Ja bym jak najszybciej wzięła rozwód i próbowała zapomnieć. Masz szansę na szczęście, szkoda Twojego czasu. W tym wypadku "wybacz" chyba nie ma miejsca.
napisał/a: timon1 2008-11-29 20:12
Hej.

nati30, ciężka sprawa, 3 miesiące po ślubie:/ dlaczego nie powiedział Ci cham przed ślubem, takich to się powinno kastrować, i 2 razy dziennie wiesz skoro on powiedział 90 dni po ślubie, że nie chce z Tobą być i że tęskni za tamtą to moim zdaniem nie masz co być z nim i tkwić w tym trójkącie. Daj mu to czego chce i sama ulżyj sobie, bo tkwienie w takim toksycznym związku to musi być zapewne niewiarygodny ból. Złóż pozew o rozwód ze wskazaniem o jego winie i niech leci do tej swojej panienki. Masz 22 lata, całe życie przed Tobą. Rozumiem, że skoro jest się z kimś 7 lat to może być ciężko się rozstać, ale patrząc obiektywnie na Waszą sytuację innego rozwiązania nie widzę.

Może poznasz kogoś na studiach, na AE są przystojniaki :) To powiedzenie jest tu po stokroć powielane, ale pamiętaj, że tego kwiatu jest pół światu. Z pewnością jeszcze poznasz kogoś, kto będzie wart Twojej miłości. Jestem tego pewny. Musisz się zebrać w sobie i zacząć działać. Nie będzie łatwo, ale musisz myśleć przyszłościowo. To małżeństwo musisz skończyć.

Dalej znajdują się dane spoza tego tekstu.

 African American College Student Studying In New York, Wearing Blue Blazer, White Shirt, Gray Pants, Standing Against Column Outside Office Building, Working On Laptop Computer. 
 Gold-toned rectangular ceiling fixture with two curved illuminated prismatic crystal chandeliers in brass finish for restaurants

PS. A teściową grubą krową się nie przejmuj. Choćby synalek był nekrofilem, pedofilem, zoofilem to i tak zawsze stanie po jego stronie.

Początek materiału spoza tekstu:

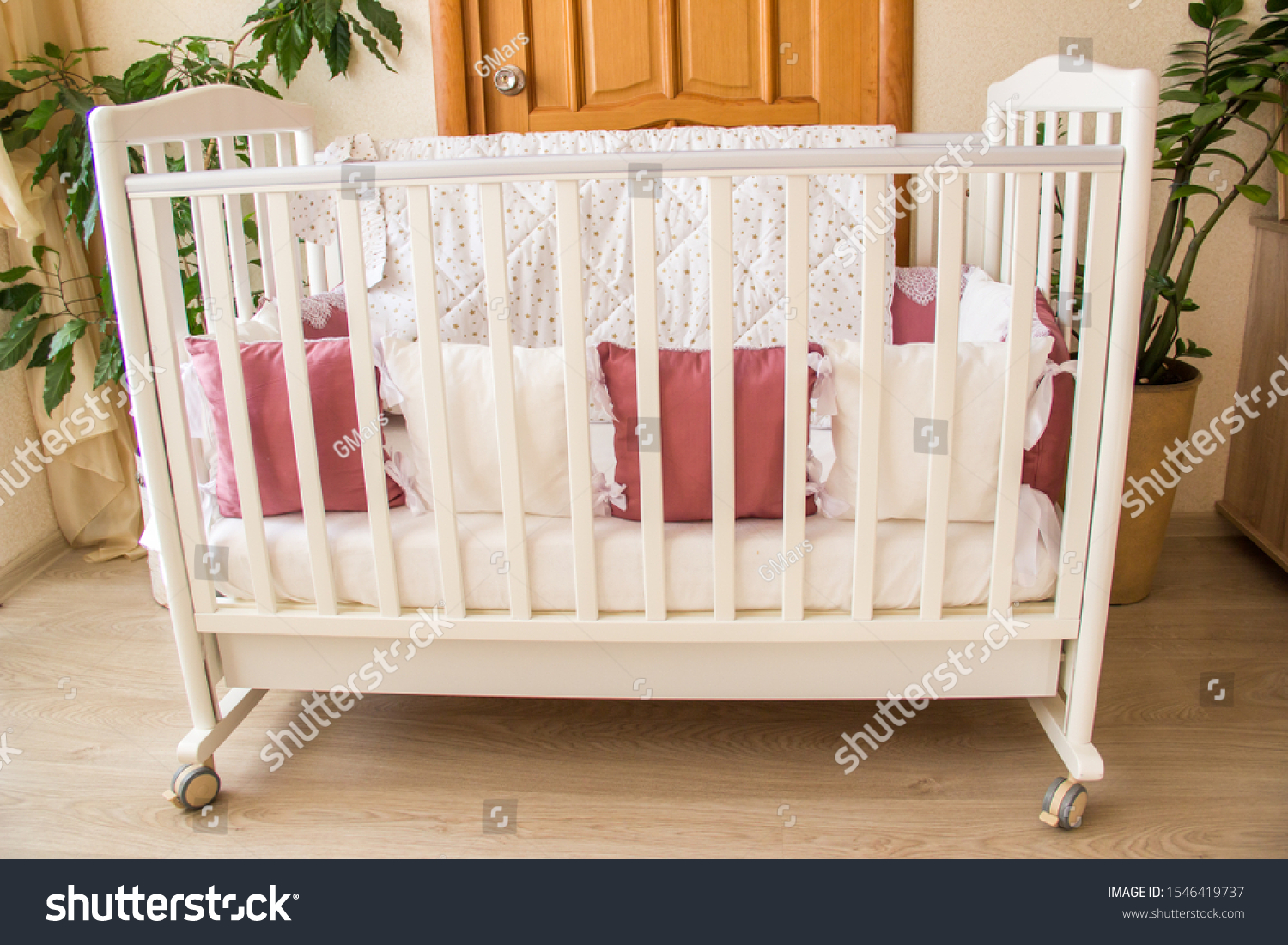 white and wood cot bed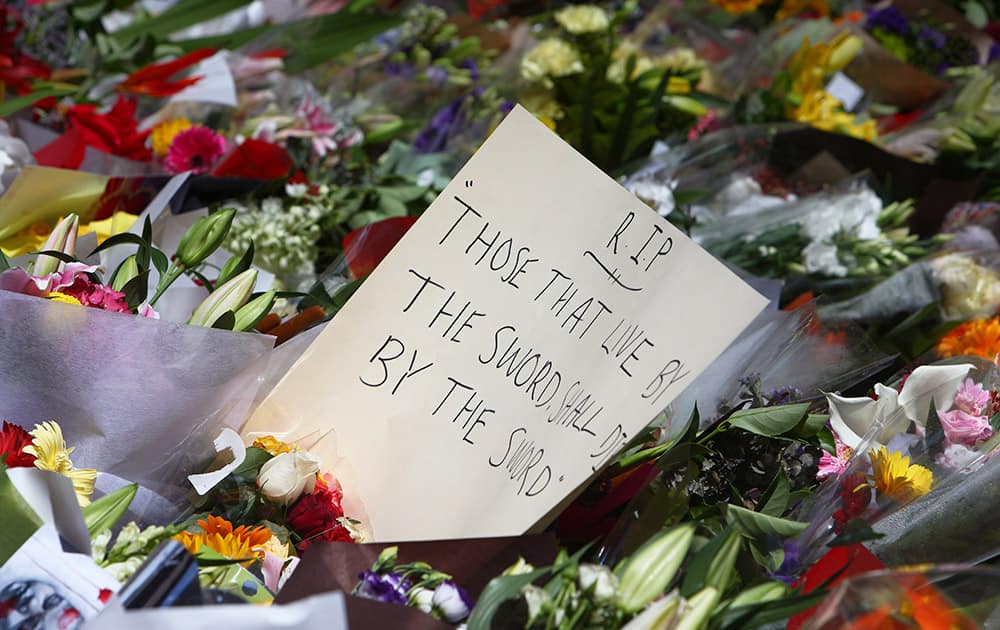 A message to the shooting victims is placed at a makeshift memorial at Martin Place in the central business district of Sydney.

Pozdrawiam i życzę wytrwałości
napisał/a: ~gość 2008-11-29 21:46
nati30 napisal(a):Gdy ja tak sobie tam siedzialam on spodkal dziewczyne, ktora poswiecila mu duzo uwagi miala czas gdy tylko zadzwonil, no i niby sie zakochal. wszystko bym jakos przezyla ze juz nie chce ze mna byc, ale nie on postanowil nic mi nie mowic i sie ozenic. A teraz juz nawet razem nie mieszkamy bo on teski za nia niby.


Prosze pomozcie juz nie wiem co mam robic.



Dziewczyno, ty byłaś gotowa tolerować jego "zakochanie" w innej ?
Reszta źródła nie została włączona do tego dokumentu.